観終わった後に友達とラインでやりとりして大分整理できた。
本作ではエディプスコンプレックスを描こうとしたのに、やりきれなかったのは何故か?というモヤモヤが残っている。シンプルにいうと「なぜマヒトは父親を殺さなかったのか?」という部分がずっと引っかかる。
とにかく全編通して父親の振る舞いや言動で許せない部分が多かった。
「兵器工場」の経営者であり大金持ちである父親は「サイパン」で起きたことを他人事のように言い捨てる。
前妻を空襲で亡くしているのに「戦争のおかげで仕事が繁盛している」みたいなことを言ったり、というか前妻の妹と再婚してるのも大分気持ち悪いし、かなり最悪の金持ちだった。
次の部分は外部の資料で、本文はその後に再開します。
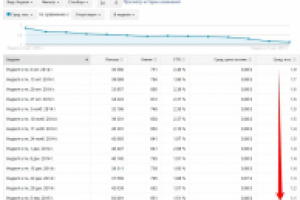 Выход на первую позицию без изменения средней цены за клик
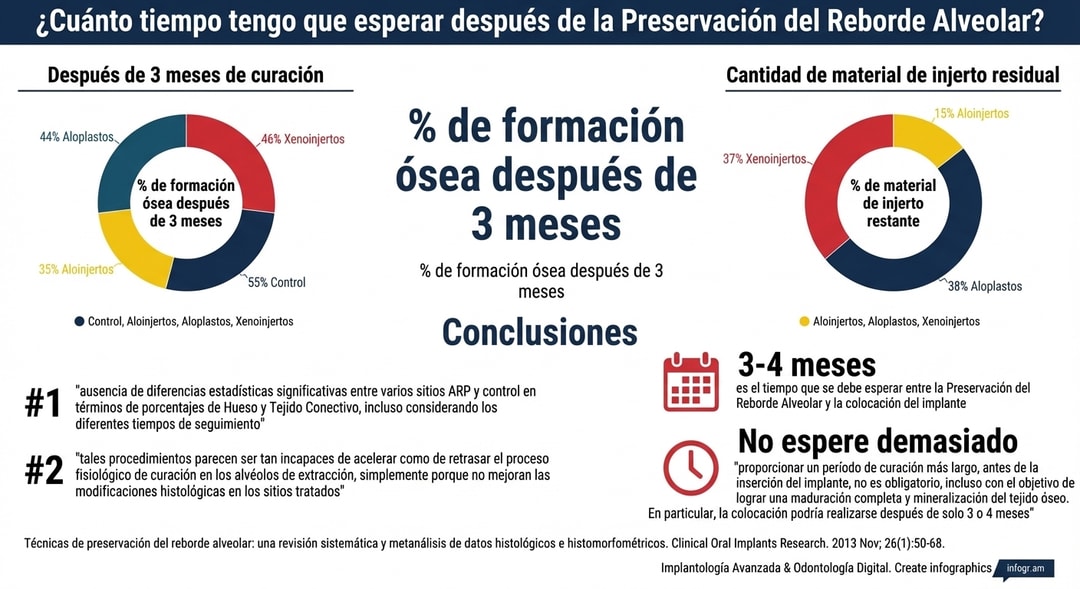 Alveolar Ridge Preservation infographic (Spanish). Pie charts show bone formation and residual graft material after 3 months.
ハッキリ言ってクズ野郎である。
これはクライマックスでマヒトが「父親殺し」をすることで成長するための前フリとしか思えないが、結局そこは完徹されなかった。なぜ?
今作では明らかに夏子さんを「女」として描いてる。向こう側の世界で出会うヒメ(実母)にも淡い恋心を抱いている。
マヒトは人生で初めて触れる異性である「母親」に対して性愛的な感情を持っている。そして「父親」は憎むべき存在として現れている。
典型的なエディプスコンプレックスのような話であったのに、なぜか父親は殺されなかった。
宮崎駿はなぜ父親を殺さなかった(殺せなかった)のだろう?今はそこに一番興味がある。
宮崎駿は昔から映画のストーリーより「画面」を優先させてしまうので、まあ致し方ないのかもしれない。
マヒトは現実世界で父親を殺して、向こうの世界で夏子さんとヒメと3Pセックスをして二度と現実に帰ってこないというオチであったら素晴らしかったのに。
君たちはどう生きるか?という問いに対して宮崎駿は間違いなく「もう現実には愛想がつきました」と答えるはずなので。